Joel, my wonderful oldest son, celebrates his birthday today.

I love to celebrate him because he is such a gift to his mama. He is talented in so many ways. (His new Christmas album is utterly amazing! You will love it.) By God’s grace, Joel has become such an gifted and articulate theologian and creative writer. He has shouldered so many projects with me, encouraged me along so many of my paths and be the very best and truest of friends. Yet, he is also the “helper” guy of our family.If something needs fixing or if Clay and I need help on the internet or if an errand needs to be done, he is there. I know we have probably all abused him because he is so willing to do whatever any of us asks. I am deeply thankful for the gift of “Joel” and am so very privileged to be with him today. He brings me so much joy.

As I was thinking about him this week, I remembered his birth. We were living in Austria in a very tiny, old little cottage. It was quite small and the rain poured in through one of our walls every time it rained. We had pigeons regularly nesting in our attic just above our bedroom because of the hole in the roof. (We named one of the pigeons, Walter, after the actor, because Sarah as a 2 1/2 year old would scream with delight—”Mama, listen, I think Walter is back.”

We had very small quarters and a sweet friend, a young woman, was living with us but was quite depressed. That year, we had walls of snow, literally, as it was below 32 degrees for 3 weeks straight.

Yet, I was to learn one of my best lessons of life. I learned day by day, to be happy that I had a home, even though it was quite flawed, and have the sweetest memories of my toddler Sarah delighting me every day and Joel, the boy I had prayed for cooing and smiling from cheek to cheek. My joy was full.
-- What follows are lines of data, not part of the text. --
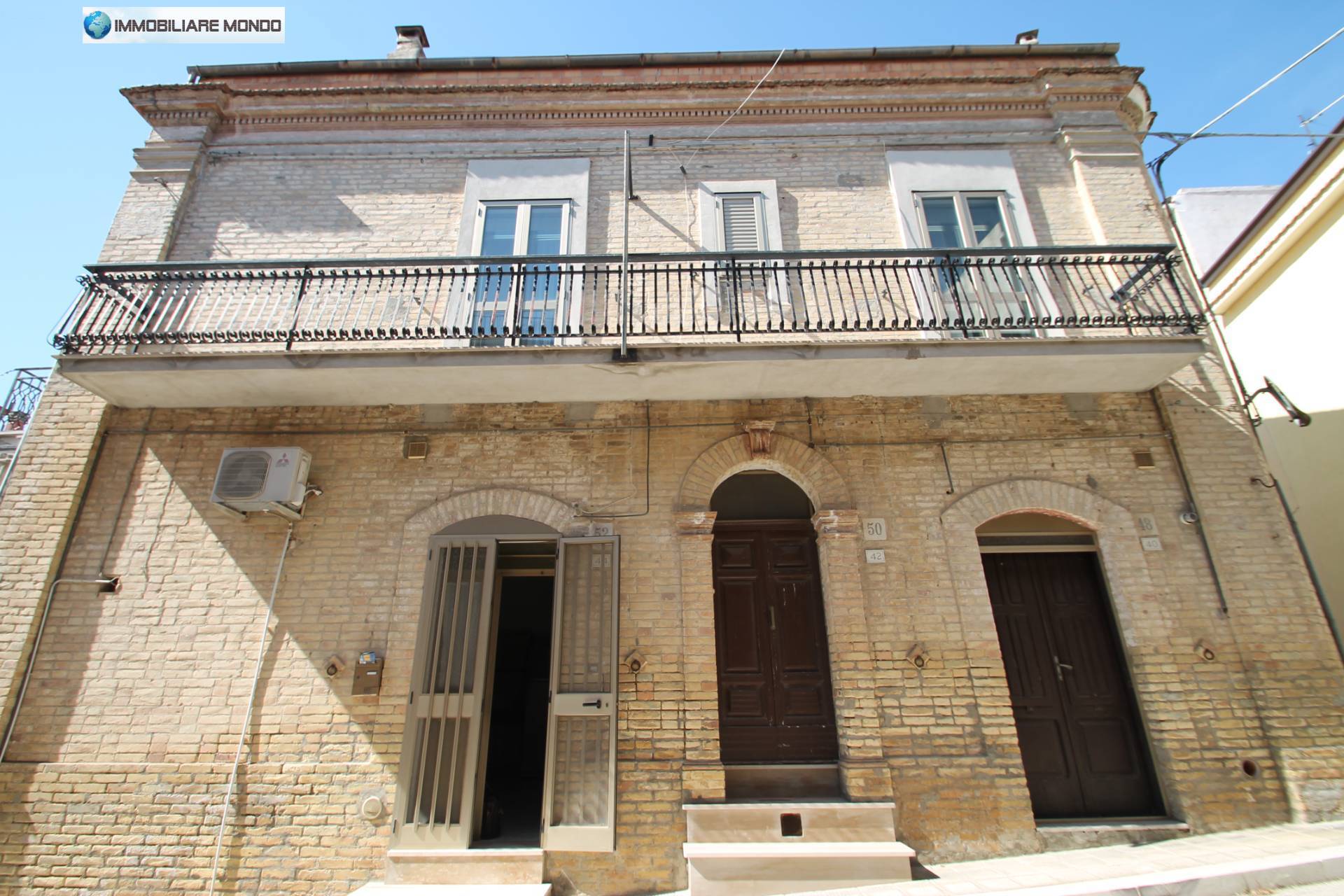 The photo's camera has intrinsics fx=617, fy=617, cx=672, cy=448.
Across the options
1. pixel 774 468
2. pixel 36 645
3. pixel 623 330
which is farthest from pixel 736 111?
pixel 36 645

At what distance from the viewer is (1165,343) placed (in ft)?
17.7

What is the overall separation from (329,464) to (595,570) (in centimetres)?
283

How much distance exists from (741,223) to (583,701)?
17.3 ft

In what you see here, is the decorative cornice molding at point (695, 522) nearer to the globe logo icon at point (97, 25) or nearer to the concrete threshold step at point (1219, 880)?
the concrete threshold step at point (1219, 880)

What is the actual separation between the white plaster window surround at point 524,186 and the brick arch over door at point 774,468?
9.47ft

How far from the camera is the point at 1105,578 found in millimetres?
5691

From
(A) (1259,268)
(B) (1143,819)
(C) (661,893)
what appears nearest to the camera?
(C) (661,893)

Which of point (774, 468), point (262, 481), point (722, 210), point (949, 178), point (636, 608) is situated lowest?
point (636, 608)

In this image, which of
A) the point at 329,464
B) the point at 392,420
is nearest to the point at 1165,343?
the point at 392,420

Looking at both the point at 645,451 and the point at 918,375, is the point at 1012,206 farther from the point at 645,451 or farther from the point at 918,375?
the point at 645,451

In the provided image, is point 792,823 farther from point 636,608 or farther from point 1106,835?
point 1106,835

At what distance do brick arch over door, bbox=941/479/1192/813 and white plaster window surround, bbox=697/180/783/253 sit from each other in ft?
11.3

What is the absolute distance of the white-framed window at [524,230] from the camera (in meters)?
6.41

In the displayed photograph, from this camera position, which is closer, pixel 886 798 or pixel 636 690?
pixel 886 798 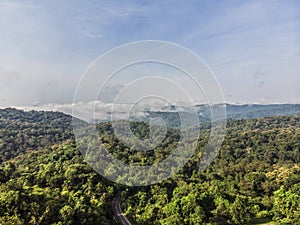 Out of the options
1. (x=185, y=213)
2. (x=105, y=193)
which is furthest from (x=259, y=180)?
(x=105, y=193)

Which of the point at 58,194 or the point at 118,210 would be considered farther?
the point at 118,210

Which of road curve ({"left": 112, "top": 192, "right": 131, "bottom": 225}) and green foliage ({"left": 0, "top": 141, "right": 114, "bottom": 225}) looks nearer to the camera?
green foliage ({"left": 0, "top": 141, "right": 114, "bottom": 225})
I find I am so very happy here for reasons that are deeply satisfying to my soul. I love being able to be down the street from my very first grandchild and care for her each week. I love interacting and living near several of my children and being inspired by what they tell me they are learning.

I have found such spiritual and soul filing relationships with women who are hungry for training, encouragement, help in their journey’s as women who love God. I love being a small part of helping them in their walk with God.

Even though I miss home and I miss Clay, this year is a gift in many ways and being grateful for what I do have makes it a blessed place.

A grateful heart sees the fingerprints of God in normal every day circumstances, be they great or challenging.

My children learned this lesson many years ago when they were tiny. I thought they needed the “more” that this materialistic culture persuades me they must have. But life taught me that they could be quite content with the basic needs of love given, mental, spiritual and emotional life provided and a home where meals were celebrated every day. I hope this will encourage you today.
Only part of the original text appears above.